Und sie alle kamen der Reihe nach an, bemitleideten meine Mutter, saßen bei Kaffee und Kuchen, den sie selbst mitbrachten, da wir ja jetzt so mittellos waren, guckten traurig aus der Wäsche, als wären sie verlassen worden und verschwanden dann nach einer knappen Stunde wieder (wichtige Termine warteten!). Und das Einzige, was man später noch von ihnen sah, waren ein paar lieblose, vorgedruckte, zum Kotzen hässliche Weihnachtskarten.

Nein, Mitleid hatte ich genug, von allen Seiten, von Kindergärtnerinnen, von Mitschülern, die ich dafür hasste. Es war mir lieber, irgendein kleiner Scheißer versuchte, mich in der Schule damit aufzuziehen, mir damit einen Schlag zu verpassen, indem er mir hinterher sang: »Dein Vater sitzt im Knahast.« Das war einfach. Ich wartete nach dem Unterricht auf ihn, und er wusste genau, was die Stunde geschlagen hatte.

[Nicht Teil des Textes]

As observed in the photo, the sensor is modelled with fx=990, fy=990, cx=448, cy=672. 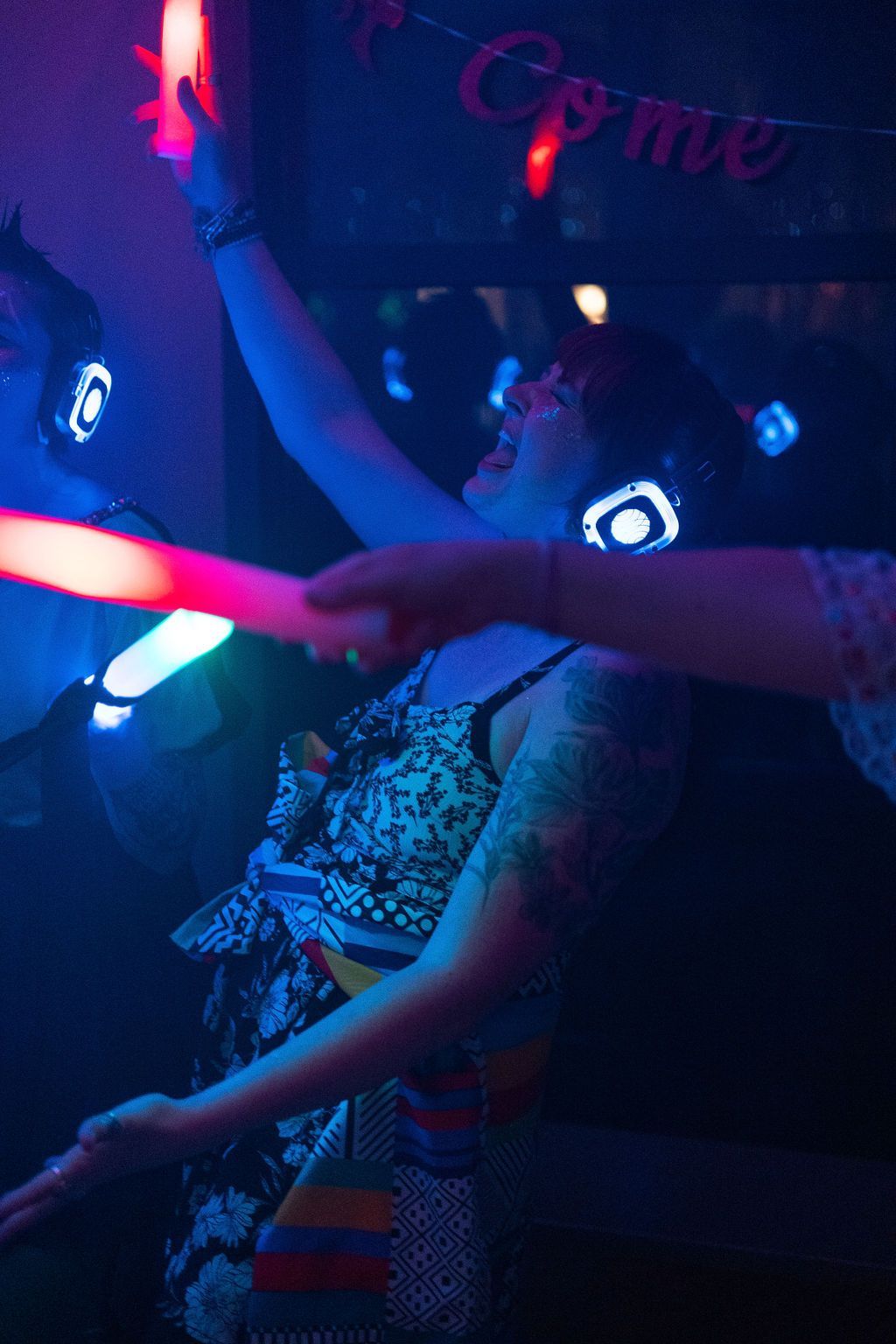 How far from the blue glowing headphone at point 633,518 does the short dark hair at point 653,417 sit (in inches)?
0.8

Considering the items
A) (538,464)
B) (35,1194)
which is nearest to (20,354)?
(538,464)

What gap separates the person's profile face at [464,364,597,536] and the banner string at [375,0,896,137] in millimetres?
836

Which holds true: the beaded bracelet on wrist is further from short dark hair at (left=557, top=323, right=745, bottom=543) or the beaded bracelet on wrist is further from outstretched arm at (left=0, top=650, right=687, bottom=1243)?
outstretched arm at (left=0, top=650, right=687, bottom=1243)

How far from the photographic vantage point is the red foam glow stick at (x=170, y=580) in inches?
28.3

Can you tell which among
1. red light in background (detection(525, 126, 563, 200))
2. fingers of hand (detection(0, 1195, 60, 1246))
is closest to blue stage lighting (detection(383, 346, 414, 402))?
red light in background (detection(525, 126, 563, 200))

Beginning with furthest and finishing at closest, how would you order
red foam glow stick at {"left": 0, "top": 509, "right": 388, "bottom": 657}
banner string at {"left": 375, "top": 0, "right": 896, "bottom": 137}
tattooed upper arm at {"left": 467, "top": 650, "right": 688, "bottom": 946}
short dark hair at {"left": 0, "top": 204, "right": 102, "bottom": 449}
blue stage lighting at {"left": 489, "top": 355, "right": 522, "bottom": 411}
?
blue stage lighting at {"left": 489, "top": 355, "right": 522, "bottom": 411} < banner string at {"left": 375, "top": 0, "right": 896, "bottom": 137} < short dark hair at {"left": 0, "top": 204, "right": 102, "bottom": 449} < tattooed upper arm at {"left": 467, "top": 650, "right": 688, "bottom": 946} < red foam glow stick at {"left": 0, "top": 509, "right": 388, "bottom": 657}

Er konnte von Glück sagen, dass er noch seine Milchzähne hatte und dass man teure Jacken waschen und wieder nähen konnte.

Solche Typen waren einfach ruhig zu stellen und einfach zu hassen. Aber mitleidige Blicke und verständnisvolles Nicken, wenn man die verschlissene Schultasche des älteren Bruders unter dem Pult stehen hat, statt einen kreischend bunten Kasten, den man haben muss, um etwas zu gelten, diese Blicke kann man zwar hassen, aber man kann ihre Besitzer nicht verprügeln, dazu reicht der Anlass einfach nicht aus.

Einmal ließ ich mich gehen und verpasste einem von ihnen eine Ohrfeige, als wir zusammenstanden und vom Wochenende erzählt wurde, von Ausflügen, von Kinobesuchen und anderem mehr. Als die Reihe an mir war und ich nichts sagte, nickte er nur und sagte etwas wie: »Ach ja, stimmt …« Zu Hause wartete meine Mutter auf mich und meinte, Michaels Mutter habe angerufen, ich hätte ihren Sohn geschlagen. Es gab keinen Grund, das zu leugnen, und die strafenden Blicke der heiligen Maria zeigten mir, dass ich zu weit gegangen war, aber ich wusste: Mitleid und Verständnis von Leuten, die es viel zu gut meinen, sind ein besserer Nährboden für Hass als offene, ehrliche Feindseligkeiten.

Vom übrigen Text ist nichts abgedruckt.